App Health Dashboard

Prompt
Of the hundreds of apps that had been built by product teams at the company, there was no clear and set way across the board for teams to monitor the health and efficiency of those apps. Every team had come up with their own process for doing this and while it was great that teams were taking initiative there was a huge lack of consistency when it came to monitoring health and efficiency. My team, Reliability Engineering, was responsible for creating one central location for the hundreds of product teams across the company to monitor their performance metrics.
Research
We had requirements from the business side, but of course we still needed to talk to our users, Reliability Engineers, and understand what they needed and wanted from this app.
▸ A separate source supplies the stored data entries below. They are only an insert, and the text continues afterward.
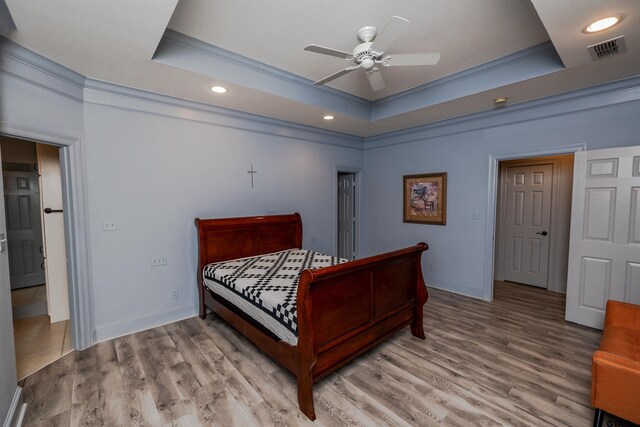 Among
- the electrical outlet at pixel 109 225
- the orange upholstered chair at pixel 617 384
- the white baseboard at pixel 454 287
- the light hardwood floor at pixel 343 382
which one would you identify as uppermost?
the electrical outlet at pixel 109 225

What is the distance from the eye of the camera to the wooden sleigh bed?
1937 millimetres

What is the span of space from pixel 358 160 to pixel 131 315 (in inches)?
168

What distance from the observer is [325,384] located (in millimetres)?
2277

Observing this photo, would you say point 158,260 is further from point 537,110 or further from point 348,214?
point 537,110

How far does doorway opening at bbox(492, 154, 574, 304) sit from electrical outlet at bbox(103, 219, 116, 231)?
509 cm

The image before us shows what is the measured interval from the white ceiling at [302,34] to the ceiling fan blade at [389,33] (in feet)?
1.07

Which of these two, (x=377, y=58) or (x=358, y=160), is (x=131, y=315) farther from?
(x=358, y=160)

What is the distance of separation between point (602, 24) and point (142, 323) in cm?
482

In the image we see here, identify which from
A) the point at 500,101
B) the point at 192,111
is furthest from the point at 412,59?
the point at 192,111

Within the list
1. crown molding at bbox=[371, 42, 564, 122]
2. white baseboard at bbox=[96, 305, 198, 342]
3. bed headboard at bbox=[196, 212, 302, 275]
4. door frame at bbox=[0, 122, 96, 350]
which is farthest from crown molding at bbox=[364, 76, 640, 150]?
door frame at bbox=[0, 122, 96, 350]

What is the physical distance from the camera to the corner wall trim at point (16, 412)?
176 cm

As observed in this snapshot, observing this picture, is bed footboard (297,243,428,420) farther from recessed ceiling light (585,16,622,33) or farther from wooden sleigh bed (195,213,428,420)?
recessed ceiling light (585,16,622,33)

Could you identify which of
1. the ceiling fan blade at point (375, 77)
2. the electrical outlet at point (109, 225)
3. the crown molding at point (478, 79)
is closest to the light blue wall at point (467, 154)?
the crown molding at point (478, 79)

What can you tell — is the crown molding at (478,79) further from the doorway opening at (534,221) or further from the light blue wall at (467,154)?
the doorway opening at (534,221) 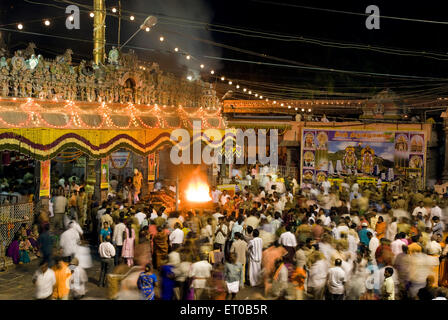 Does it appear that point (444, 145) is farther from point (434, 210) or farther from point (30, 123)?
point (30, 123)

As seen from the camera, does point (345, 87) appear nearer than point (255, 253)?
No

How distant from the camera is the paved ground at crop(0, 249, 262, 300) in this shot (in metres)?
8.84

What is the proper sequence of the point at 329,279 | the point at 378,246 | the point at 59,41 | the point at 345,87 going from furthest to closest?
the point at 345,87 < the point at 59,41 < the point at 378,246 < the point at 329,279

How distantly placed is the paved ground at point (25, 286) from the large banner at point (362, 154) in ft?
46.3

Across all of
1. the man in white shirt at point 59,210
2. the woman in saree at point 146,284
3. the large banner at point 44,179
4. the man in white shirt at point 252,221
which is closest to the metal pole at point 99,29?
the large banner at point 44,179

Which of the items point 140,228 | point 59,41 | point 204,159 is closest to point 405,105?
point 204,159

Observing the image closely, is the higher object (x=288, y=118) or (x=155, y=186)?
(x=288, y=118)

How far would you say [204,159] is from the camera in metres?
18.8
A Reliability Engineer works to identify and manage reliability risks that could adversely affect business operations.
I set up interviews with 4 Reliability Engineers and 6 Sr. Reliability Engineers that worked out of our Atlanta, GA and Austin, TX offices.
Research Findings
There was a lot of overlap with what the RE’s wanted and what the business wanted.
Volume, latency, number of open tickets, and number of orders (when available) were the most mentioned metrics on both sides.
There was some concern around having to trust in a brand new system. What if the information is inaccurate?
Teams are tracking metrics daily but are typically reporting on a weekly basis to leadership.
5/10 RE’s were working on teams that had already built their own tracking service. The other 5 were manually tracking or relying on reports from users to identify issues.
“As a Reliability Engineer, I need the process of monitoring the health of my app to be efficient and easy to comprehend.”
Solutioning and Usability Testing
With the research complete and organized, it was time to begin designing some mockups for the Service Level Objectives Dashboard that I would later test with 10 future users. I knew the design needed to address the some of the key findings from our research. Our solution needed to:
Give REs quick access to information that helps them to identify potential risks prior to a service going down.
Track metrics around volume, availability, latency, errors, tickets, and orders.
Streamline reporting for teams to leadership.
Allow teams to manually edit information when needed until trust is gained in the service.*
*The business was not particularly excited about allowing users to edit the information, so for now the design would not include this feature.
Usability Findings
I facilitated user testing sessions with 10 future users of the product. This time I recruited 5 Reliability Engineers and 5 Sr. Reliability Engineers out of the Atlanta and Austin offices. Based on the testing we had a lot of changes to make on the dashboard itself. Users seemed to be satisfied with the process of selecting the information they want to see. The findings from testing indicated that we needed to:
Move the table from the bottom of the page to the top of the page.
The REs felt that viewing the table first would help them to identify problems quicker than viewing the graphs first.
REs liked the graphs in general but felt the graphs would be more helpful to leadership
Remove the red highlight on “problem” cells and opt for red font instead.
The red highlight creates a sense of panic, while the font simply calls attention to potential problem areas.
If displaying more than 7 dates on the table, the number of days needs to be clearly indicated.
Add an option that allows users to edit the data.
Users felt very strongly that they should have an option to edit the data until the system proved that it would always provide accurate results to them.
Every user I tested with stated that without this option they would not use the SLO Dashboard and they would continue to rely on the process they already had in place for testing.
Make the language for the option to register a new service on the site more clear.
Make the option for registering a new service more visible.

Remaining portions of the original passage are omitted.